Finding the Will of God–or–Not Getting Lost in the Forest

Last December my family and I moved to North Vancouver, to a house surrounded by trees on the shoulder of Mount Seymour. Settlement ends near our home and gives way to forests that include long trails up and down the mountainsides and valleys of this beautiful region.

I have taken to hiking these trails, and the other day I took a new one. I almost got lost, and instead came upon a fresh illustration of the guidance of God.

The trail started clearly and broadly enough, but after ten minutes, as I started down a hillside toward Seymour Creek and eventually home, the trail got smaller and smaller. Suddenly, as I rounded a bend, it disappeared. Actually, it didn’t so much disappear as become indistinguishable from several other possible paths, identically lined with pine and spruce needles. I began to feel more than a little worried, not least because I had not seen another person for half an hour or more.

God expects us to follow the trails of normal life without prompting and without special assistance. He has given us the ability to see the trail and to follow it. And much of our lives is just like that sort of hike: clearly marked-out paths of duties, opportunities, relationships, talents, limitations, joys, and challenges. We don’t need any big revelation about what we’re supposed to do. Instead, we need energy and faith and encouragement and perservance to do it.

But now I was lost. My orienteering skills consisted simply of listening hard for the waterfall of the creek so that, if all else failed, I could thrash and crash my way down the hillside and then follow the creek as best I could to civilization. But it would be an awfully tough go if I had to do that. The brush was quite thick in places and the decline was pretty steep.

So I looked around some more and–there it was. A  pink ribbon tied on a tree branch. Someone had marked the trail, and as I approached the branch the path opened up before me. Down I continued.

This happened another four or five times over the next half hour.
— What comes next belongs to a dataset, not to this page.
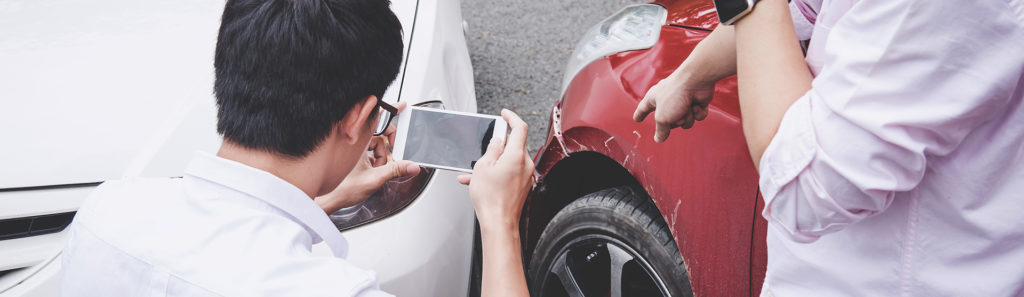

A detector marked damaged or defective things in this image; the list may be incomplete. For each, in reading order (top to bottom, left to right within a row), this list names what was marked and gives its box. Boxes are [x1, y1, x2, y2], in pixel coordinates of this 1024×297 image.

Pleasant clambering down the hillside on the fairly rigorous trail until–stopped. No idea where to go. And then a pink or yellow ribbon would appear, I would breathe a sigh of relief, and I would continue.

When we can’t find our way by normal means, God provides extraordinary means. Perhaps we “come across” a book or a television show or a stranger on an airplane flight that gives us vital information necessary to continue our life journey. Perhaps we gain counsel from a friend or teacher or relative. God knows where the trail becomes impossible to discern by normal means and so he has prompted and positioned other people to mark that decision point for us so that we may continue.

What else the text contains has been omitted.